Does this mean that JPEG is a bad format? Not at all. JPEG is a fine format, suitable for almost everything, provided you understand its operation and limitations. Working with JPEGS can be a viable part of your workflow, actually saving you lots of time.

High-quality JPEG.

Low-quality (small) JPEG opened and resaved dozens of times before artifacts appeared to damage the image.

Personally, I believe you should always shoot at a level higher than you’ll need. If you are just going to shoot snapshots, with maybe an occasional 8 10, I’d recommend you shoot Large (Normal). The number of images you can fit onto a card is double that of Large (High) files, yet these files will yield high-quality prints. Pros should always shoot Large (High) JPEG or RAW to get the most out their files.

The important thing to understand is how compression affects your picture quality. As always, I suggest you test your equipment to determine what makes you happy. Large or not so large, Canon’s CMOS sensor technology allows for exceptionally clean data.

COMPOSITION

Good composition will make a mediocre picture better and a great picture terrific. There are a number of “rules” regarding composition that you can use to your advantage. Play with these concepts, and you’ll see better images immediately. After a little practice, these principles will become second nature. Bear in mind that none of these rules are sacrosanct—you may readily break them if the image warrants it.

THE RULE OF THIRDS

When you look through the viewfinder, mentally divide what you see into vertical and horizontal thirds. Those lines, and in particular where they intersect, are areas of primary compositional interest. Move your camera or use a zoom lens to place areas of primary interest or action on those lines and intersections. The rule of thirds is the most widely used principle of composition and is as viable for static subjects as it is for people.

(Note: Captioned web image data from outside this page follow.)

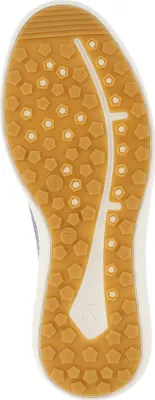 Produktbild von Rieker Herren Schnürschuh Halbschuh Einlagen flexibel leicht langlebig U1101, Größe:42 EU, Farbe:Blau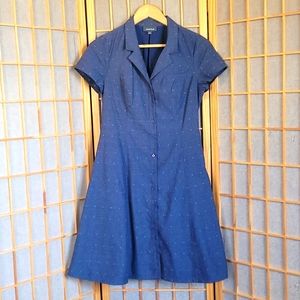 Madewell Dress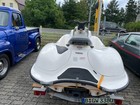 Bild 5 von 8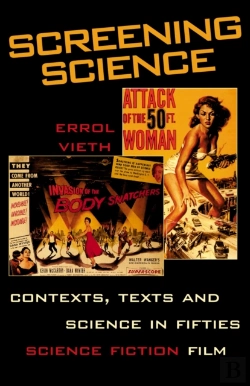 Bertrand.pt - Screening Science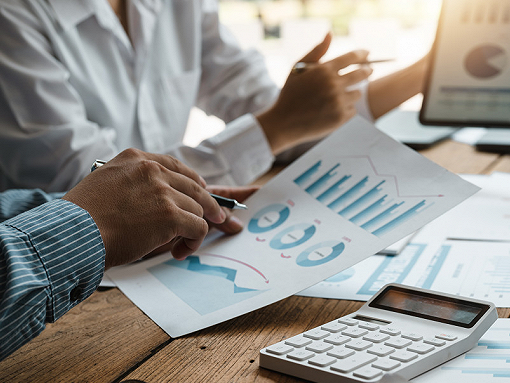 摩根资产管理张一格：4月PMI仍处扩张区间，经济温和复苏，债牛基础仍在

Additionally, you can use the lines of the objects in the picture to direct the viewer’s eyes in the direction you want them to go. While awake or alive, human eyes rarely stop moving unless daydreaming. Even when looking at a particular item within a picture, a person’s eyes will move around the item until the viewer is satisfied that he or she has absorbed all of the pertinent information.

THE HORIZON IN THE LANDSCAPE

Unless there’s a compelling reason to do so, the worst place to place a landscape’s horizon is in the middle of the frame. In fact, the middle of the frame is just about the worst place to put anything of great interest because it’s the most boring section of the image, compositionally speaking. Place the horizon at either the upper or lower horizontal third for a more visually pleasing image.

THE S CURVE

Look for lines within the subject that form an “S,” curving through the image and guiding the viewer’s eyes over it. Notice that this image uses the rule of thirds as well, placing the horizon near the upper horizontal third.

With living subjects, you may have to ask your models to move as you wish, or watch carefully until they move into a proper composition. It may take some time for you to develop the sense of timing necessary to shoot on the fly, but trust me, it will happen. One of the great things about digital photography is that images cost you nothing but a little slice of your time.